=== Supplied records ===
■ ■ ■

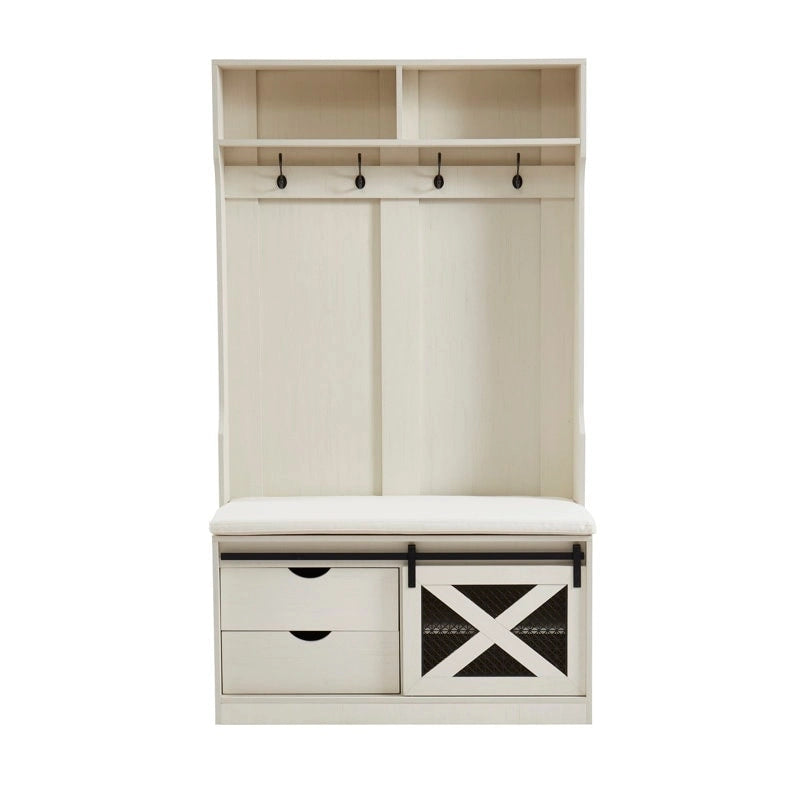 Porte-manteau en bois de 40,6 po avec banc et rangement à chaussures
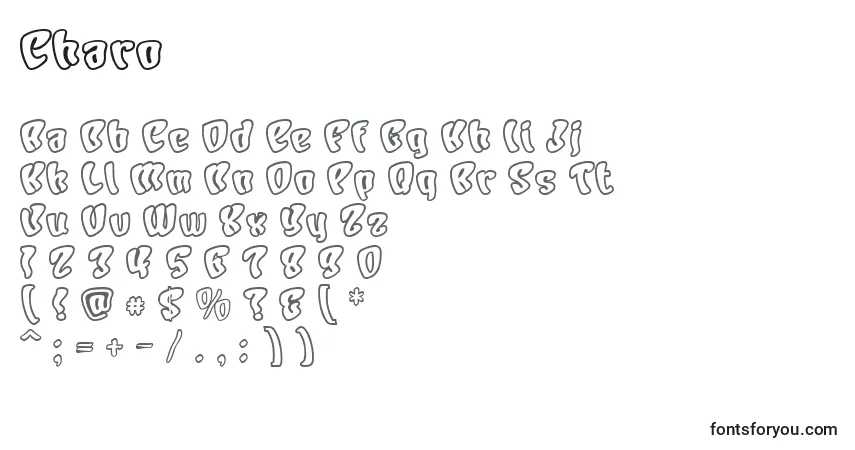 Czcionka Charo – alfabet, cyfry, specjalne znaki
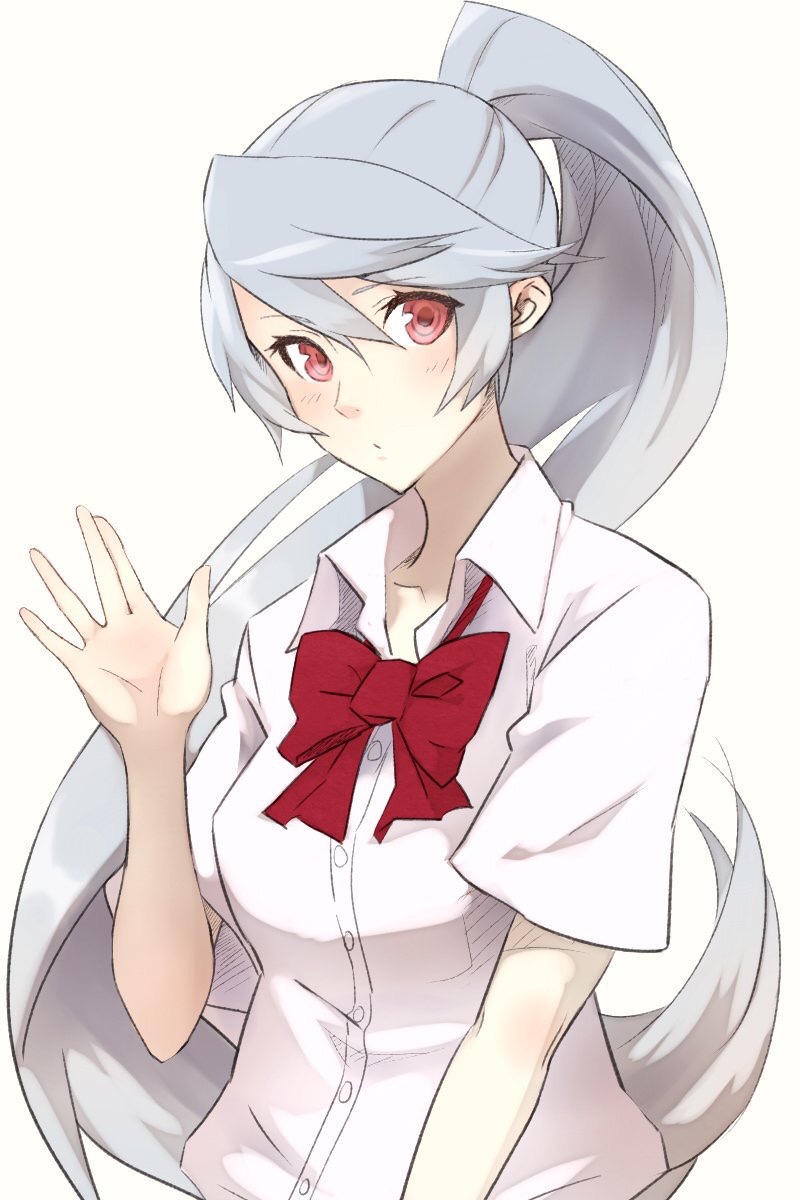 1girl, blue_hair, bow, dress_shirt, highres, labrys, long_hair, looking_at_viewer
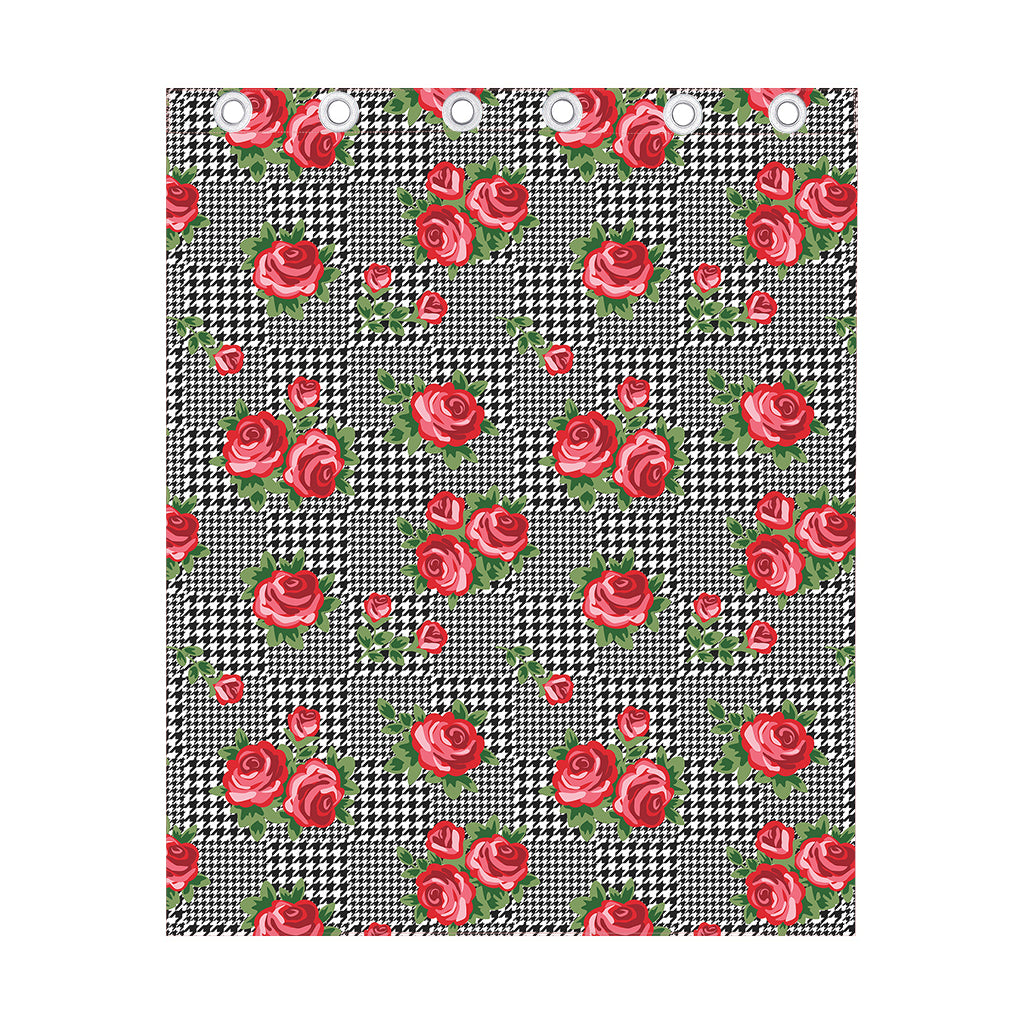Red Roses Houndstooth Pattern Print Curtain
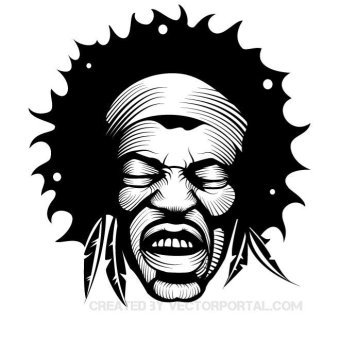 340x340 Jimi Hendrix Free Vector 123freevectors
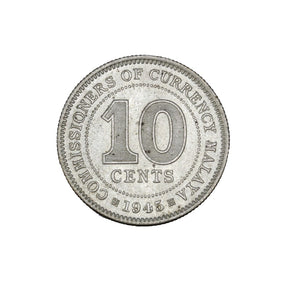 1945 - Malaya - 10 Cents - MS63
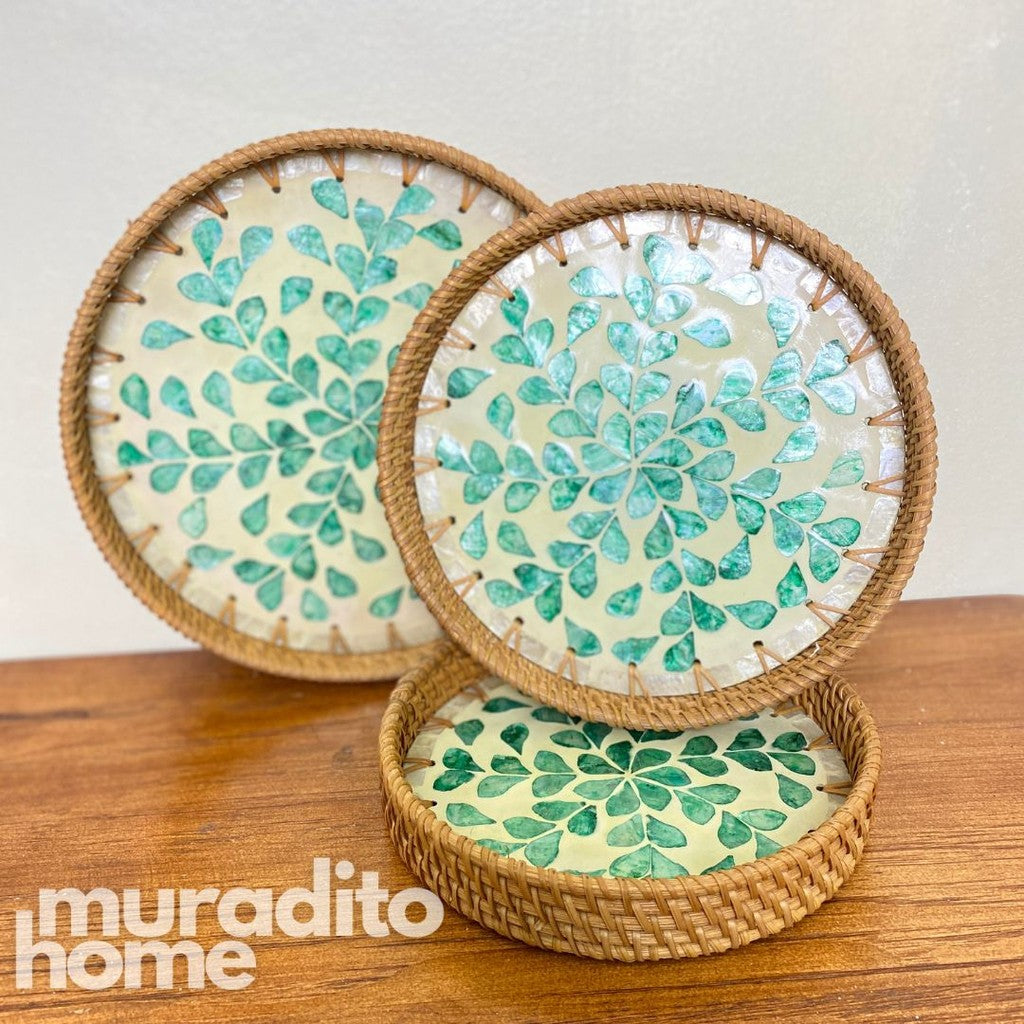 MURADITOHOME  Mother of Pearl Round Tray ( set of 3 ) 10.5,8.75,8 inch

■ ■ ■

Each entry above must be repeated word for word, minus its images.

=== Reply ===
 Porte-manteau en bois de 40,6 po avec banc et rangement à chaussures
 Czcionka Charo – alfabet, cyfry, specjalne znaki
 1girl, blue_hair, bow, dress_shirt, highres, labrys, long_hair, looking_at_viewer
Red Roses Houndstooth Pattern Print Curtain
 340x340 Jimi Hendrix Free Vector 123freevectors
 1945 - Malaya - 10 Cents - MS63
 MURADITOHOME  Mother of Pearl Round Tray ( set of 3 ) 10.5,8.75,8 inch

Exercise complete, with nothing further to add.